TASK OBJECTIVE — Give back all of the data exactly as it stands, with the pictures removed.

INPUT DATA —
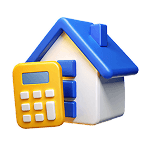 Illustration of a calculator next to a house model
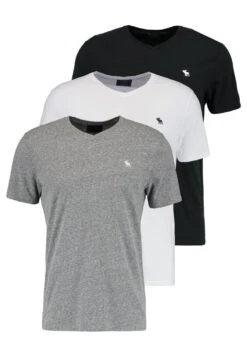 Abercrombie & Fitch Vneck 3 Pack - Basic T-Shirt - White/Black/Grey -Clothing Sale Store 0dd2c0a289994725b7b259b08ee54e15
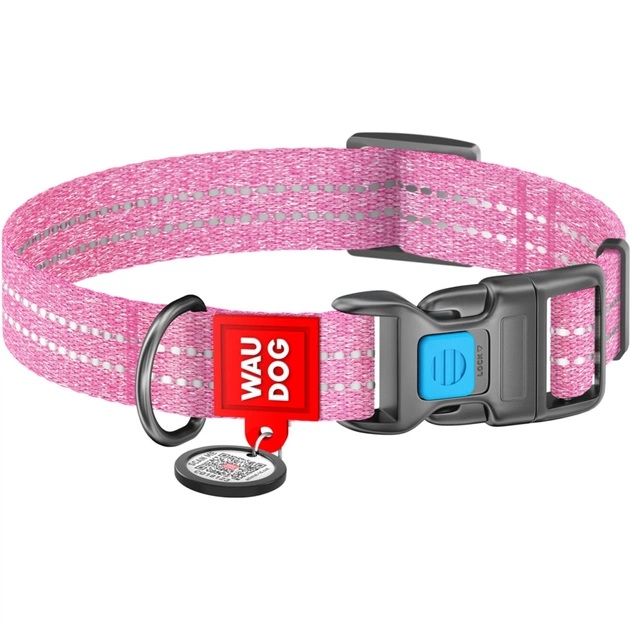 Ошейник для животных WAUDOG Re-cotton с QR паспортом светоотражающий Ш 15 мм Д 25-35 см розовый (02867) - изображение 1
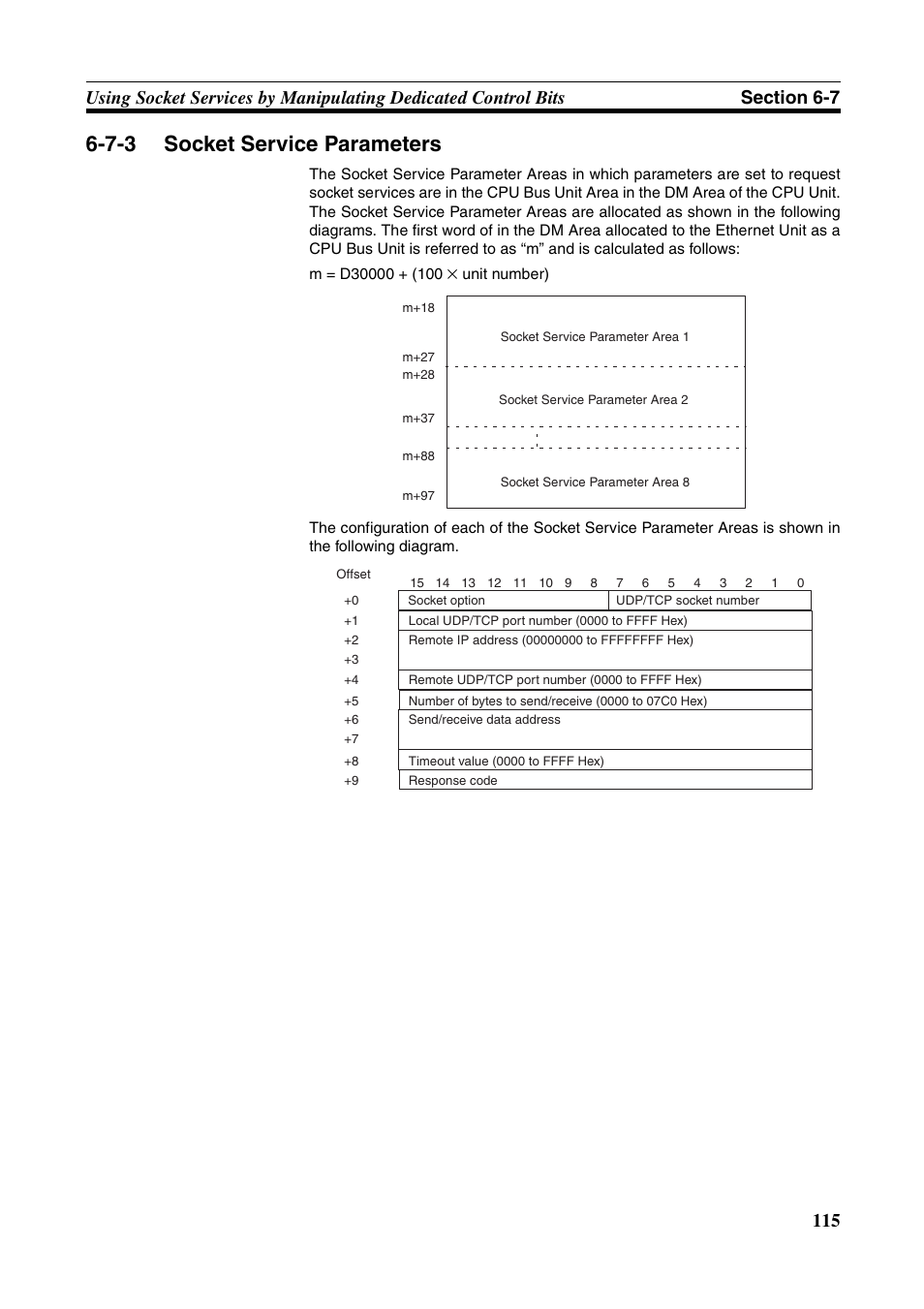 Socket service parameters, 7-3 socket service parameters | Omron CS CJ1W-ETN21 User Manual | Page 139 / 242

TASK ANSWER —
 Illustration of a calculator next to a house model
 Abercrombie & Fitch Vneck 3 Pack - Basic T-Shirt - White/Black/Grey -Clothing Sale Store 0dd2c0a289994725b7b259b08ee54e15
 Ошейник для животных WAUDOG Re-cotton с QR паспортом светоотражающий Ш 15 мм Д 25-35 см розовый (02867) - изображение 1
 Socket service parameters, 7-3 socket service parameters | Omron CS CJ1W-ETN21 User Manual | Page 139 / 242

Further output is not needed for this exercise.